Читаем Собрание сочинений. Т.26. Из сборников: «Поход», «Новый поход», «Истина шествует», «Смесь». Письма полностью

Нельзя было бы придумать лучшего заглавия. Весь первый том «Происхождения современной Франции» доказывает действительно, что революция вышла из самой почвы края и везде одновременно. Тэн напирает на глубокую нищету, царствовавшую во Франции; в ней умирали с голоду, и народ, сидя в этом аду, с отчаянием протягивал руки к золотому веку, о котором смутно толковали. Отсюда лихорадочное ожидание, затем гнев, бунты, вспыхивающие мало-помалу с одного конца государства до другого. Надо прочитать у Тэна картины жестокого голода, о котором нынешняя Франция, богатая и счастливая, не может составить себе понятия. Надо видеть, как народ толпится у дверей хлебопеков, как крестьяне дерутся, чтобы не дать увезти свой хлеб, как обозы с хлебом грабятся по большим дорогам голодными, как трепещут села, которым только грезятся, что шайки разбойников, являющиеся жечь села, — всеобщая паника, возвещающая о глубоком общественном потрясении. Вся нация охвачена одним и тем же припадком, тот же ветер пронесся по всем этим головам; целое общество рушится.

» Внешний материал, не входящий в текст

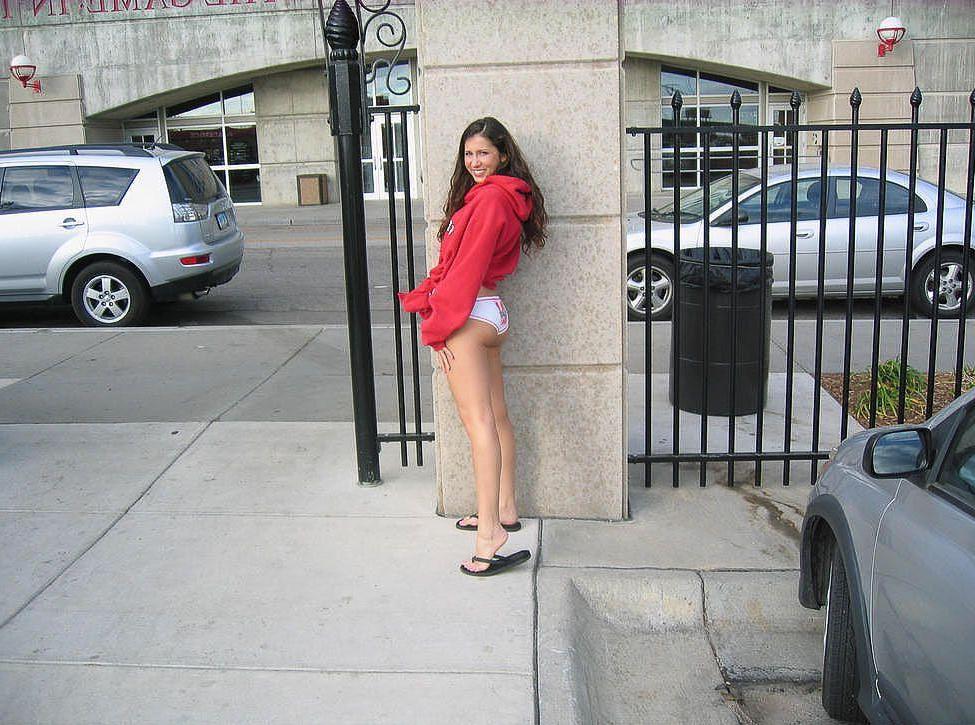 15P Pictures of teen Pretty Marie flashing at a football stadium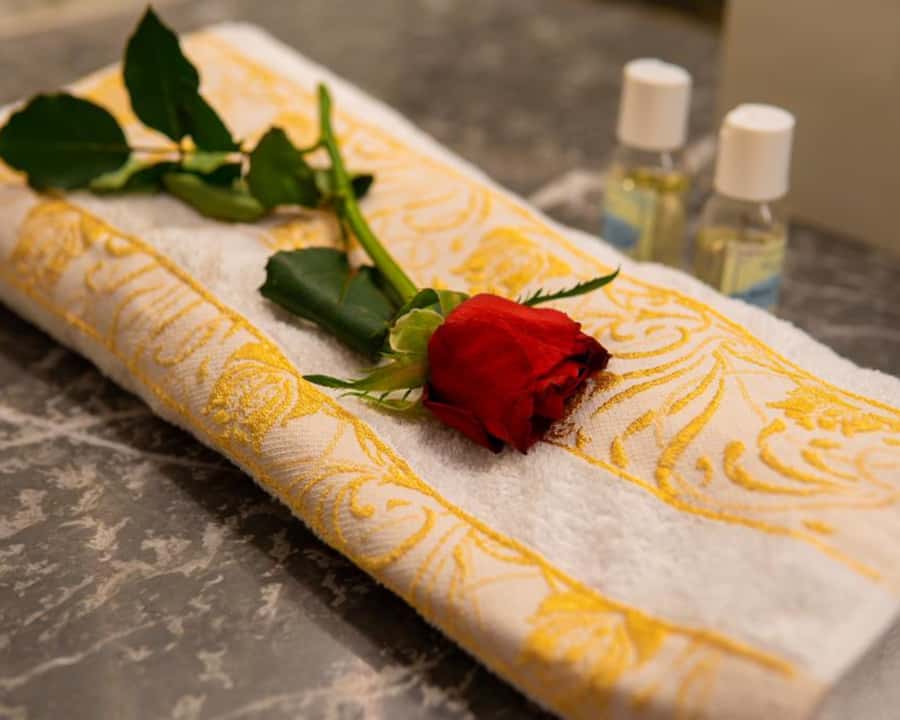 Marrakech: Spa Massage and Steam Hammam with Pickup - Small Group, Female Staff, and Comfort Level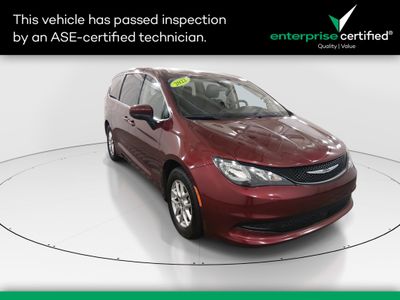2022 Chrysler Voyager - Photo 1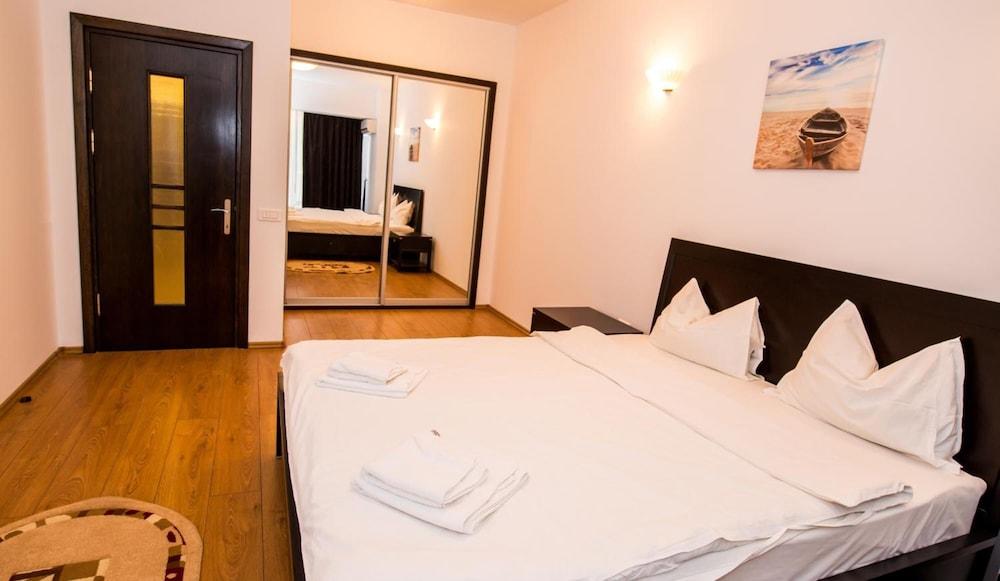 Apart Holiday Maria Mamaia
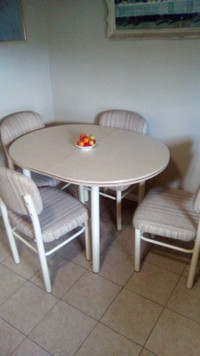 Dinning table & 4 chairs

И вот вдруг в опровержение этой широко набросанной картины, такой правдивой и горестной, Тэн через несколько страниц стремится как будто доказать, что революция была делом одной горсти бунтовщиков. Ничего не может быть страннее. Здесь мы сталкиваемся с двумя течениями, проходящими с одного конца книги до другого: духом анализа, излагающим факты в превосходном порядке, и духом реакции, который глухо возмущается и ежеминутно проскакивает и извращает логику выводов. Тэн же показал нам всю Францию, встающую с общим воплем голода, раздосадованную, подавленную, разоренную, истощившую всю свою кровь и все свои деньги. И вдруг он забывает об этой картине и начинает доказывать, что революция вышла из Пале-Рояля, [54]что Пале-Рояль создал восемьдесят девятый год. Привожу его собственные слова: «Уже агитаторы являются бессменно. Пале-Рояль превратился в клуб на открытом воздухе, где весь день и до глубокой ночи они подзадоривают друг друга и подстрекают толпу к насилиям. В эти пределы, охраняемые привилегиями Орлеанского дома, полиция не смеет проникать; слово там свободно, и публика, пользующаяся им, как будто нарочно создана для того, чтобы им злоупотреблять. Это — публика, приличная для такого места. Центр проституции, картежной игры, праздности и брошюр. Пале-Рояль привлекает к себе все это население без корней, кочующее в большом городе; не имея ни ремесла, ни домашнего очага, оно живет лишь из любопытства или ради наслаждения; это — неизменные посетители кофеен, шатуны по вертепам, авантюристы и неудачники, отверженцы литературы, искусства и адвокатуры, прокурорские клерки, студенты, зеваки, праздношатающиеся, иностранцы и обитатели меблированных комнат». Итак, вот творцы французской революции, вот те, кто ускорил движение и приблизил его окончательный финал. Это вызывает улыбку. Спрашиваю вас, что мог бы сделать Пале-Рояль, не будь позади него целой Франции, которая его толкала? Что в данную минуту Пале-Рояль превратился в обширный клуб — это факт исторический и понятный. Для агитации требовался очаг. Но, повторяю, революция вышла не оттуда, и Тэн, настаивая на этом, говоря с таким презрением об агитаторах, обнаруживает только свое великое желание составить обвинительный акт против революции.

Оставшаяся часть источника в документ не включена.